Jenine frowned. "It's hard to read. The font is weird. Anyway, it starts 'Don't tell anyone the contents of this note.'" Her voice trailed off.

"And then?! Is it like a chain letter? If you don't do what it says your dog will be repossessed?" While Kai was talking, Jenine was reading. Then, she carefully folded the paper in half and tucked it in her pocket.

Now it was Kai's turn to frown. He leaned forward and whispered loudly. "Your nipples are hard. Only two things do that and I don't think you just read some beer-note sex. What's going on?"

Jenine whispered back, so quietly he could barely hear her. "It's a prediction. We should get out of here. Now." She stood up.

"No! What? Why do you believe that stupid note? I'm staying right here till I get my chimichanga."

"Wherever that note came from, they knew things. About me. I think it's real." She backed away from the table, motioning to Kai to get up.

He leaned back and folded his arms. "I want my lunch."

The window exploded inward and a red Ford F150 plowed into the table and Kai. Jenine screamed and jumped.

She ran to the truck, but when she got there she could see that Kai's entire chest was crushed. She stood up and turned around just as a police officer ran in. He was tall and broad-shouldered. His eyes were the color of the summer sky.

"Hello Officer Smith," she said. "I've been waiting for you."

"Have we met?"

"Not really."

"You're bleeding. Sit down, I'll be right back."

"I know," she whispered.

The end

December 1, 2008

The Most Precious House

A long time ago, when I was a girl, I found a house made entirely of pearls. From afar it looked like a cloud. Closer, it looked like sugary sweets piled one atop the other.

I was a child. I was foolish.

I ran up the hill to it, I pulled one of the pearls from its side and had it in my mouth before I realised the house was collapsing and there was no sugar in my mouth at all.

Further along the hill was a village, and when the house fell down all the villagers ran out — pulling their hair, wailing, leaking tears from their eyes like a gutted pig loses blood. I spat out the pearl and waited to be told how terrible I was, how stupid.

They were tiresomely predictable.

All except one, a girl with bright yellow paint stains around the egdes of her fingernails, who climbed up to the window of the room I’d been given while the villagers decided what to do with me. “Pssst,” she said, like water falling on the hot plate of a stove. “Pssst.”

I pried open the window and we looked at each other in momentary silence, girl to girl.

“I’m building a house of yellow leaves,” she said. “I need someone to help me paint them.”

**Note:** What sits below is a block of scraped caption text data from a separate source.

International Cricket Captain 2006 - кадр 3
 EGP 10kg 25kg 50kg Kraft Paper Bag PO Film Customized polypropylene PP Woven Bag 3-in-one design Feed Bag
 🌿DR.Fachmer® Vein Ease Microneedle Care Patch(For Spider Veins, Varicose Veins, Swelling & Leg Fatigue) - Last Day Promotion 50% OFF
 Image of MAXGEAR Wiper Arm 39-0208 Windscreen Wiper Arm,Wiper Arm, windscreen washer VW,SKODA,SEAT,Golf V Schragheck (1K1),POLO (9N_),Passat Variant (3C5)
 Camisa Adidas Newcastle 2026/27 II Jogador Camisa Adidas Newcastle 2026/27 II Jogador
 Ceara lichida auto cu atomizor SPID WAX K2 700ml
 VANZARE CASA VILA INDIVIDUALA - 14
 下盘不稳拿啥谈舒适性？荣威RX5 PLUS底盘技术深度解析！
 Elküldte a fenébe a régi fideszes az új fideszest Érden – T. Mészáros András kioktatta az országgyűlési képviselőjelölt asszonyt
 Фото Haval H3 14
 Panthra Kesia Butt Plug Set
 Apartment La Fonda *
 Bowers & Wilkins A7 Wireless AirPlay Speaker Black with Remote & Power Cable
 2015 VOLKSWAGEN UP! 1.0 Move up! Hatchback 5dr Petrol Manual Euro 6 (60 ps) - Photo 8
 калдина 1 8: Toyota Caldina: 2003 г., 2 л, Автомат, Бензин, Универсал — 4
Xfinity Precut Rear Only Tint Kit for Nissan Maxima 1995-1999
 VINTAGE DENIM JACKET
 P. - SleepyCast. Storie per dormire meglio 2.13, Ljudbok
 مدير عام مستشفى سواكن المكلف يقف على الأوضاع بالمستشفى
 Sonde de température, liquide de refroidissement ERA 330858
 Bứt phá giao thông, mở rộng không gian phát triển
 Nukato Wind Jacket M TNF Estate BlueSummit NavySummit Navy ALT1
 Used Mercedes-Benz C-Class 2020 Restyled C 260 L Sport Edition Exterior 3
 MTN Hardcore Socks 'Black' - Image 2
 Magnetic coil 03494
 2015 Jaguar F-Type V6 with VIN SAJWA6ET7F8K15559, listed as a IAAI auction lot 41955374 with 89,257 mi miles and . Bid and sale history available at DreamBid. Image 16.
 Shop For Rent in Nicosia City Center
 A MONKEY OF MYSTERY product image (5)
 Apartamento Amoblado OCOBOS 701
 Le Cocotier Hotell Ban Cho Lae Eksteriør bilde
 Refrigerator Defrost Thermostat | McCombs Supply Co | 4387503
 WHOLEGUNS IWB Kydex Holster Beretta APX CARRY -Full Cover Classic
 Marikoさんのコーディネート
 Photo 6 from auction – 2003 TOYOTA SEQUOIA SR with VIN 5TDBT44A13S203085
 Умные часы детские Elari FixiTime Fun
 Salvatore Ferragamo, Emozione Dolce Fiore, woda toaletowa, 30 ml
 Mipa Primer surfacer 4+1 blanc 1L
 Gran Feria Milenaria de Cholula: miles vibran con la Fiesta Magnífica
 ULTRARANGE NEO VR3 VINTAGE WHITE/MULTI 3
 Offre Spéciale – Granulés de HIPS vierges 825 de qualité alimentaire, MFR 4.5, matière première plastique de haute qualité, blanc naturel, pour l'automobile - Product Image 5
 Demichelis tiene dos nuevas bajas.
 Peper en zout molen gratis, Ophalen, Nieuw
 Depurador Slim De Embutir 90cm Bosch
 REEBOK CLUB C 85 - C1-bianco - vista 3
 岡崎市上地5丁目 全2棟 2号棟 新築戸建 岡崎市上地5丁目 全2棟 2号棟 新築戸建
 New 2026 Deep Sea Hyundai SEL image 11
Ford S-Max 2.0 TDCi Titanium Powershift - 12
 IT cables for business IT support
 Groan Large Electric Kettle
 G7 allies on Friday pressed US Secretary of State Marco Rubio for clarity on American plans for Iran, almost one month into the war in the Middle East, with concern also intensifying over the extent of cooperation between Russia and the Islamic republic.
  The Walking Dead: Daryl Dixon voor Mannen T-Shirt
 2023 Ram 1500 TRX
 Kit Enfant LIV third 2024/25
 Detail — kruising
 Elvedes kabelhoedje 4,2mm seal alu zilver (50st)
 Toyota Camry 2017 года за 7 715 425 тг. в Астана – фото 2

I climbed out of the window and we walked down the other side of the hill, through a vineyard and a patch of wild, tangled undergrowth and small trees, until we reached a clearing. Dug deep into the ground were the house’s foundations, yellow against the dirt. The girl told me that the finished house would only be ankle-high — only the roof poking above the ground, like a pile of regular leaves.

“There’ll be a house down here and it’ll be better than dumb pearls and they won’t see it, not at all.” She grinned possessively across her paint pots. Then, bending over to open a pot, she added in a practical tone, “Besides, the wind would blow it all away if it was above ground.”